#### ASSIGNED TASK:
The line with "PT05168 11 - PT05168 (11)" marks the first line to copy, and the line with "山间田野中的大片油菜花风景高清在线视频素材下载" marks the last. Transcribe that stretch of the data below exactly, without pictures.

#### GIVEN ENTRIES:
━━━

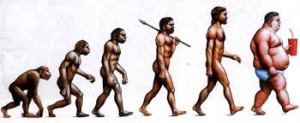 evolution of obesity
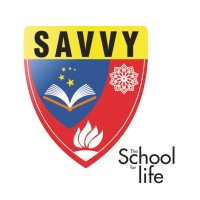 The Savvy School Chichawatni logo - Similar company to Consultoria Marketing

━━━

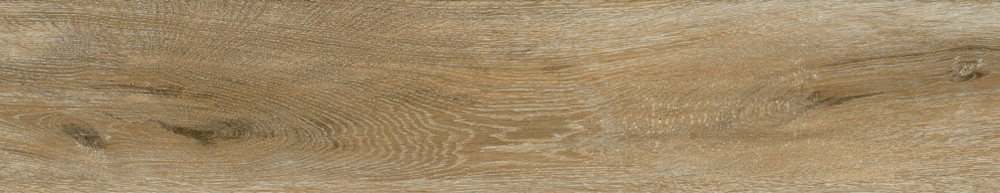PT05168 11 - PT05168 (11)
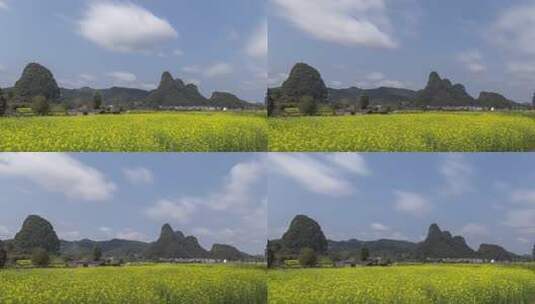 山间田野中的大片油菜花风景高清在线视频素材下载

━━━

#### SOLUTION FOR THIS TASK:
PT05168 11 - PT05168 (11)
 山间田野中的大片油菜花风景高清在线视频素材下载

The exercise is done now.